28. Жак Луи Давид. Лазар Гош

Владимир Морозов 5
ИЗ СБОРНИКА "РАССУЖДЕНИЯ О ЖИВОПИСИ".


             ГЛАВА - 28. ЖАК ЛУИ ДАВИД. "ПОРТРЕТ ЛАЗАРА ГОША".


             Когда говорят о влиянии Великой французской революции конца 18-го века на французскую (а через неё - и на европейскую) живопись, всегда приводят в пример художника-классициста Жака Луи Давида. Что ж, посмотрим и мы на его творчество, но не будем все его работы ставить на один уровень, как почему-то делают многие, а проследим изменение его художественной манеры по ходу этой революции.

     В его ранней работе "Амур и Психея" ещё виден обычный, типичный классицизм, аллегорически превозносящий некие абстрактные идеалы.

     Но вот приближается революционная вспышка, в обществе нарастает предреволюционное напряжение. Посмотрим на известную картину "Клятва Горациев":

http://bibliotekar.ru/Louvre-2/239.files/image001.jpg

     Тот же классицизм, - но уже с сильнейшей степенью героического мотива. Тоже аллегория, тоже перекличка с римской античностью, но и позы клянущихся сыновей, и жесты их рук, и красный цвет одежд, и холодный камень пола и стен, и блеск острых мечей в самом центре картины - всё звучит призывом не старого, а нового времени.

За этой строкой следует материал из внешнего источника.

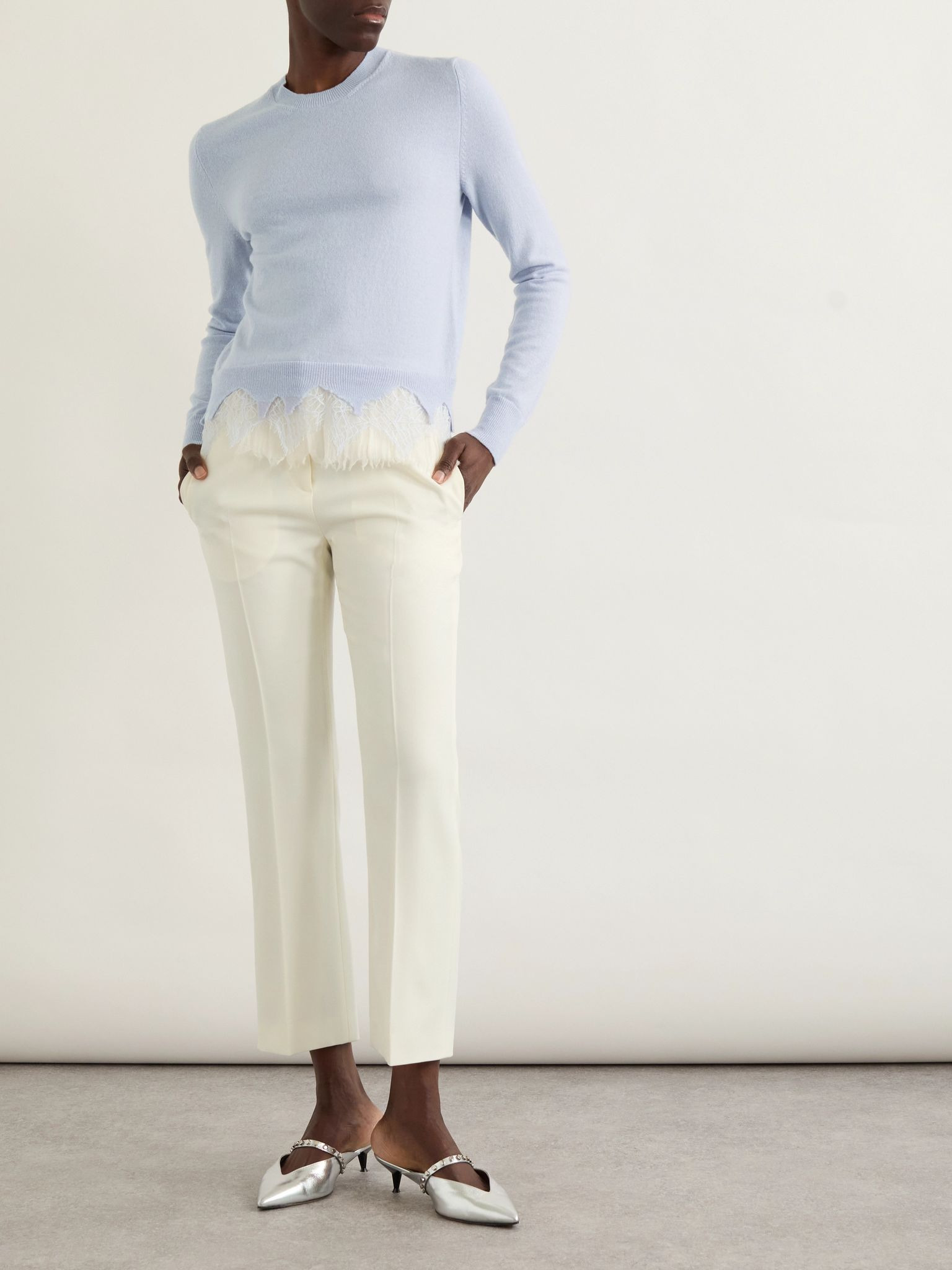 Lace-trimmed wool and cashmere-blend sweater Blue - 2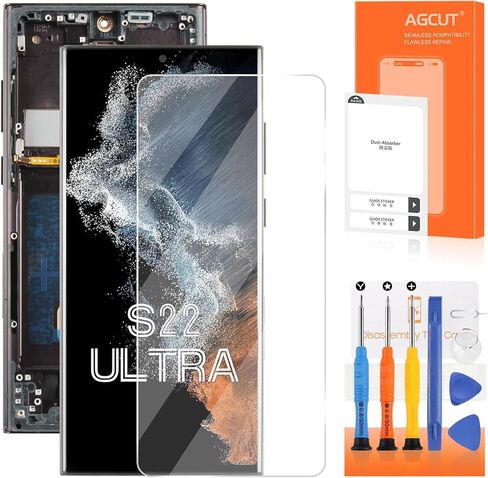 INCELL لهاتف Samsung Galaxy S22 Ultra استبدال الشاشة لهاتف Samsung S22 Ultra LCD Display S908B S908U LCD محول الأرقام شاشة تعمل باللمس مجموعة إصلاح التجميع مع الإطار in Kuwait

     И вот революция уже в своей кульминации. Знаменитый 1793 год. (Кто знает историю французской революции или читал роман Гюго "1793", понимает, о чём идёт речь.) Давид изображает Лазара Гоша, - выдающегося военачальника революционного народа. Картина резко уходит от норм классицизма, открывая прорыв в какую-то новую, неизвестную раньше манеру.

     Резко ли? А поза, жест, подчёркнутая строгость композиции, - разве это не наработки классицизма?

     Да, конечно, художник ещё стоит одной ногой в своем прежнем опыте, но свет того, что правильно назвать романтическим реализмом, уже явно заметен в этом портрете.

                ------

            Лазар Гош (ЛазАр - ударение на второй "А"), сын простого солдата, благодаря воле, мужеству, амбициям и умению подчинять себе массы людей, быстро поднялся до командующего революционной армией и был прославлен трудными, но эффектными победами. Трудно предположить уверенно, но останься он в живых, Наполеону Бонапарту, - другому удачливому полководцу, - может, и не довелось бы выйти на первое место.


            Любая революция меняет местами верхи и низы и тем самым рушит прежние мировоззренческие ценности. Да, с приостановкой или поражением революции они могут опять восстановиться, хотя и в несколько видоизменённой форме. Но в самой высшей точке революции господствующее место занимают идеалы самых активных, самых низших её слоев. Это не может не влиять на творцов, это делает их искусство иным, - и по содержанию, и по форме.

     Французский классицизм при приближении революции начал утрачивать былую роль приукрашивателя и возвеличивателя власть имущих и стал возвеличивать героизм и гражданственность. Это мы и видели в "Клятве Горациев". Пусть ещё прежними приёмами классицизма, но переход от пустоты аристократического рококо к гражданственной агитационности  - это уже очень важный прогресс искусства.


            Как ни парадоксально это звучит по форме, но по смыслу это очень правильная мысль:  для того, чтобы подняться ещё выше, искусство должно опуститься к самым низам революционного общества. Никакого противоречия здесь нет. Ведь во время революции именно низы становятся верхом исторического творчества.

     Этим искусство приобретает две замечательные черты: романтизм борьбы и реализм простонародности.

     Мы видели некий романтизм и в искусстве прошлых веков. Мы видели и проявления реализма у тех прошлых художников. Мы ещё увидим романтизм и реализм 19-го века. Но вот что любопытно: нигде они не соединены в одно, везде - или романтическое, или реалистическое. И только здесь, только в революционном искусстве они составляют одно целое. Как назвать это целое? Романтическим реализмом? Реалистическим романтизмом? Честно скажу, - не знаю. Не в словах дело. Но такова характерная особенность искусства в любой революции. Максимальный романтизм сцепляется с максимальным реализмом. И все последующие революции подтверждают это.

     Портрет Лазара Гоша своей суровой ясностью и простотой, органическим соединением обыденного и великого даёт нам пример этого стиля.

     Посмотрим на портрет. Простота спутанных волос, небрежное оружие под левой рукой, расстёгнутый ворот и одновременно взгляд светлого лица, направленный по диагонали вверх, - казалось бы, откуда это у прежнего чистого классициста?

     Считаю этот портрет вершиной творчества этого художника. Здесь он прорвался к новому стилю. Ни раньше, ни после у него не было и уже не будет такого.